Prophylactic treatment is recommended due to the high incidence of POAF, especially if risk factors are present. Effective preventive and treatment strategies are important for reducing the undesirable effects of this complication. It has been previously demonstrated in several studies that beta-blockers are effective agents for preventing POAF. Beta-blockers have also been recommended for POAF prophylaxis in several meta-analyses[6,7]. Nebivolol is a selective beta-1 adrenergic receptor antagonist that differs from conventional beta-blockers in its ability to induce nitric oxide synthesis in the human endothelium. Tepliakov et al.[8] showed that nebivolol administration (1.25-5.0 mg/day) increased exercise tolerance, improved life quality, reduced IR index by 11.9%, and reduced triglyceride levels by 5.3% (which in turn lowered the risk of effects associated with diabetic atherogenic dyslipidemia).
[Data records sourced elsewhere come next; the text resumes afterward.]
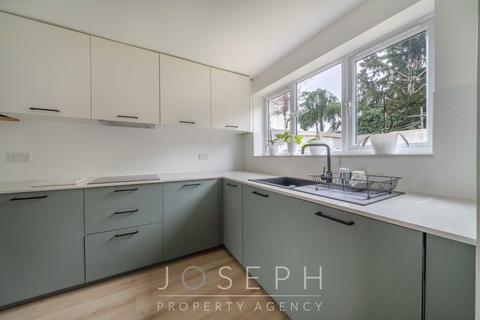 12 Upton Close, Ipswich, IP4 2QQ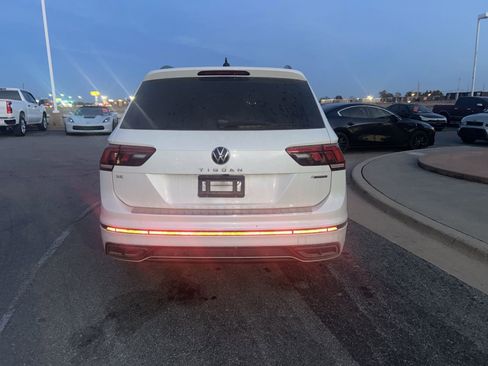 Used 2022 Volkswagen Tiguan SE R-Line image 4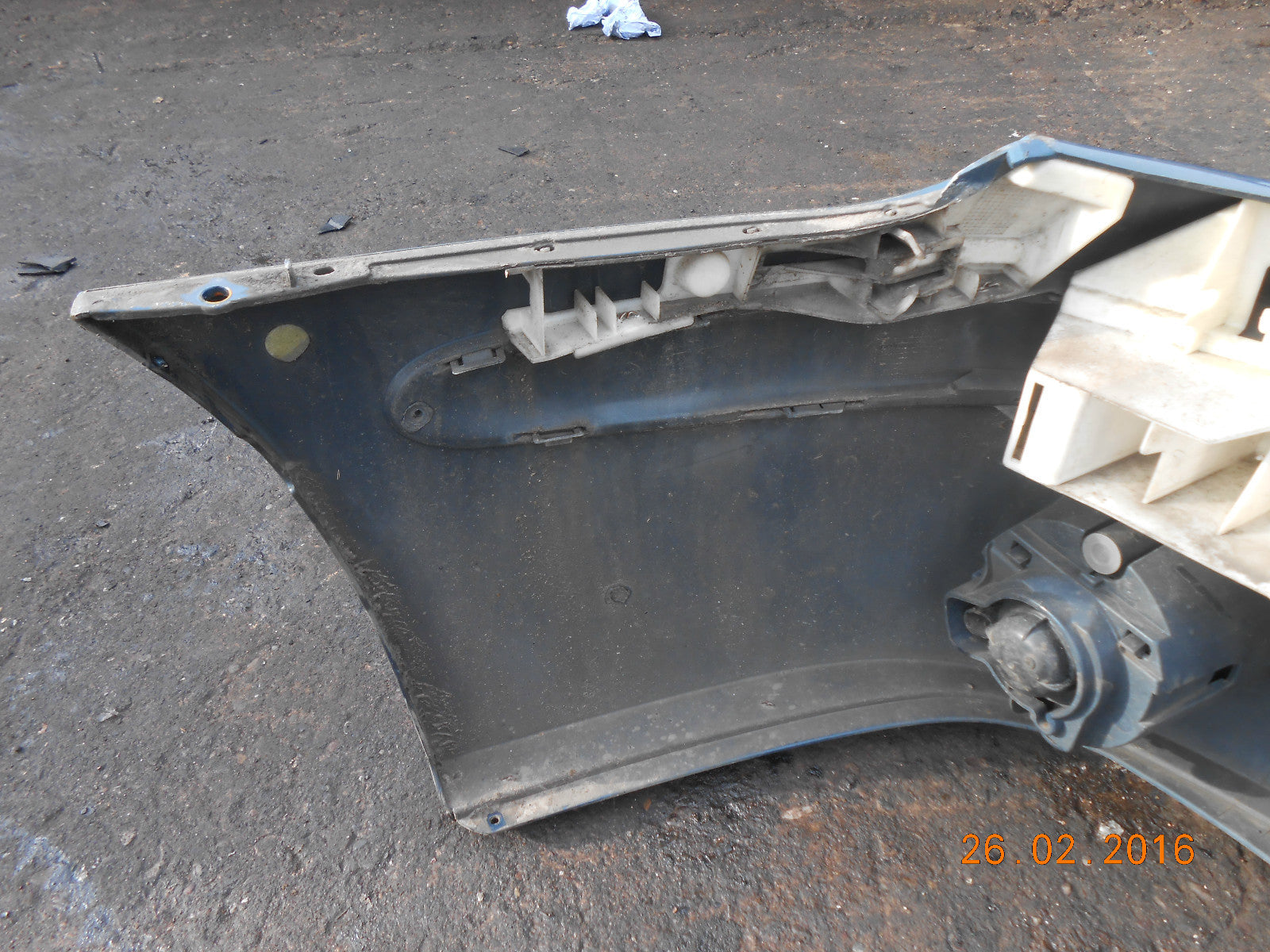 RENAULT CLIO 1999 MK2 FRONT BUMPER WITH FOG LIGHTS IN BLUE GREEN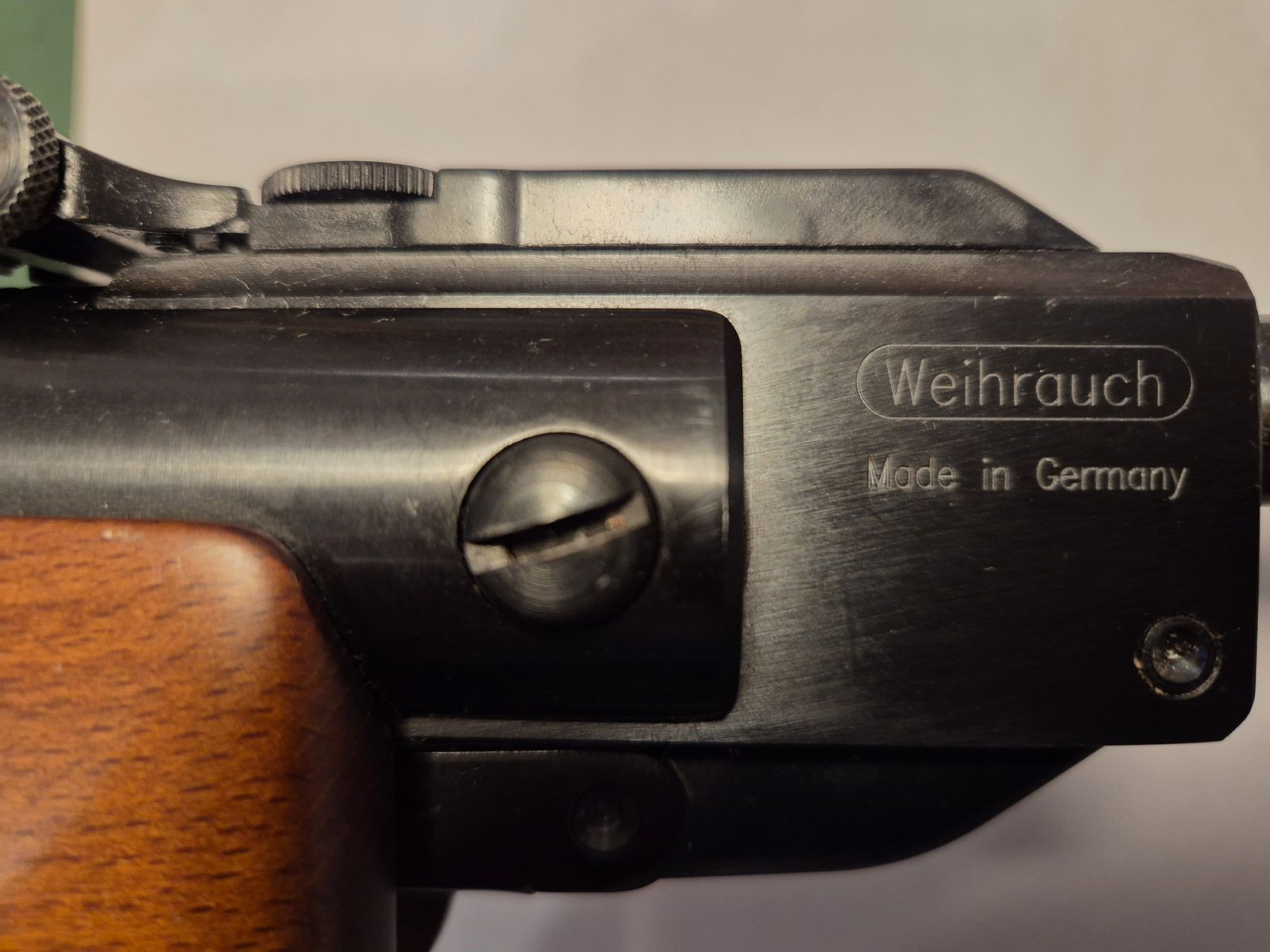 Weihrauch HW 35 Luftgewehr, Kaliber 4,5mm, mit Zielfernrohr und Schalldämpfer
In this prospective randomized study, we investigated the effectiveness of nebivolol and metoprolol in decreasing the incidence of POAF. Patients in this study were selected among individuals above 60 years of age, as age is a major risk factor for POAF. There are no other studies in the literature regarding the effects of nebivolol in preventing POAF.

METHODS

Following the approval of the Medical Faculty's Ethics Committee (Reference Number: 2009/145), and after written informed consents were obtained from the patients; 200 patients over 60 years of age with coronary artery disease, who had been admitted to our clinic for elective coronary artery bypass grafting surgery, were included into our study.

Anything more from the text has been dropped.